#### Data extracts
________
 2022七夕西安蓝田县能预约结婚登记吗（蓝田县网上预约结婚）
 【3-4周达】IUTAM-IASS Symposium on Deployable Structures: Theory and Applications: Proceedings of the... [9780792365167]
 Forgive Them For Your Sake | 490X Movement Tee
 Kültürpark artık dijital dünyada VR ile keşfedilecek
________
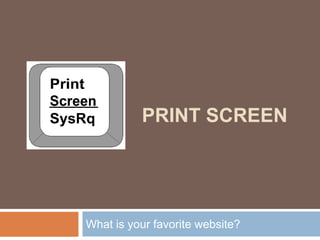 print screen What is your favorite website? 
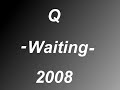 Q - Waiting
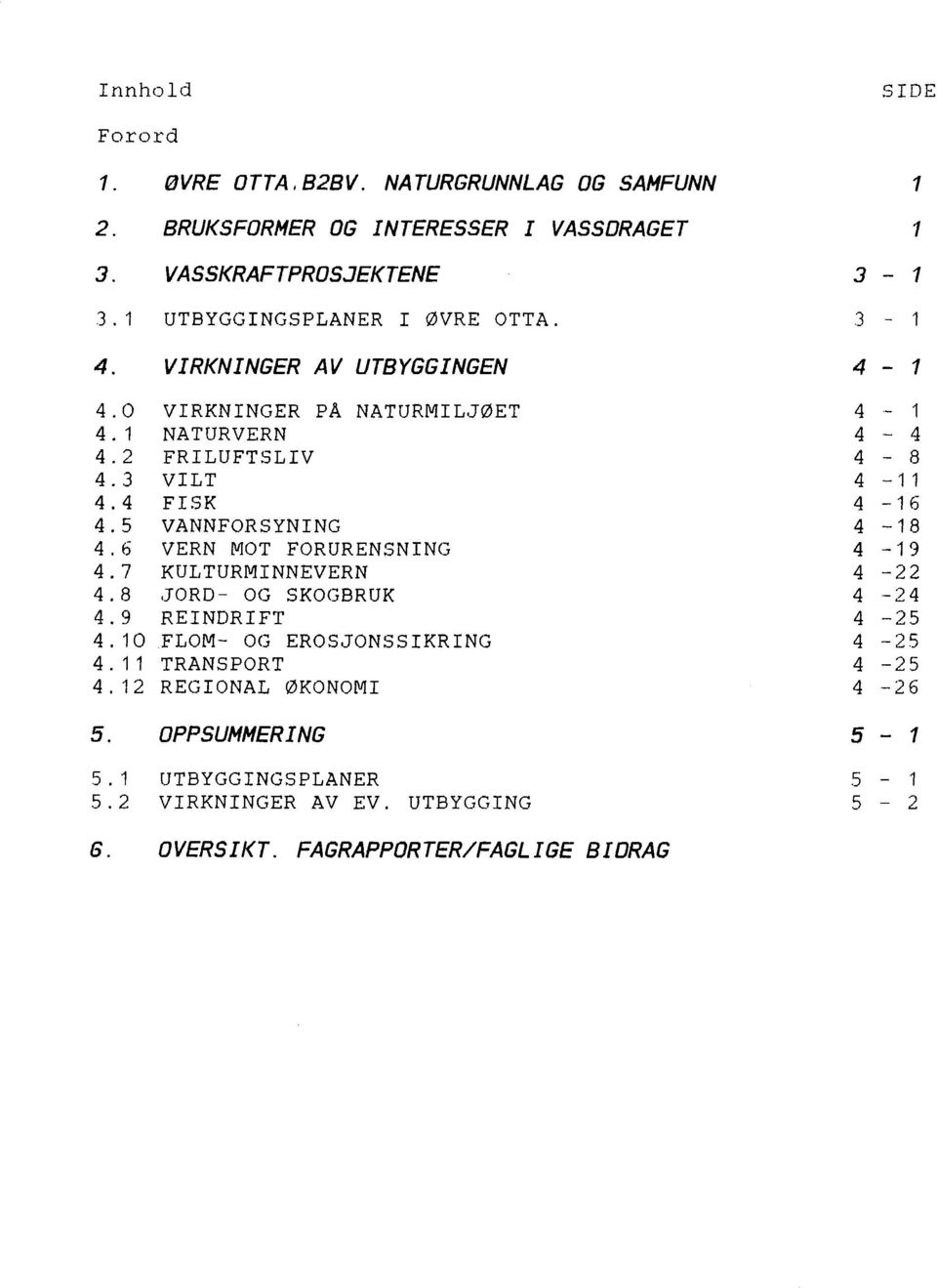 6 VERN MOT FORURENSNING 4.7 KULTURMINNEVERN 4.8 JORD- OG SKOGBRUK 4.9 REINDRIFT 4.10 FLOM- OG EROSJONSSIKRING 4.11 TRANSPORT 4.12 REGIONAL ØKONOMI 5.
________
#### Your goal
Scan the lines above for "2022七夕西安蓝田县能预约结婚登记吗（蓝田县网上预约结婚）" and for "Kültürpark artık dijital". Repeat exactly the line holding each of them and every line in between.

#### Response for this exercise
 2022七夕西安蓝田县能预约结婚登记吗（蓝田县网上预约结婚）
 【3-4周达】IUTAM-IASS Symposium on Deployable Structures: Theory and Applications: Proceedings of the... [9780792365167]
 Forgive Them For Your Sake | 490X Movement Tee
 Kültürpark artık dijital dünyada VR ile keşfedilecek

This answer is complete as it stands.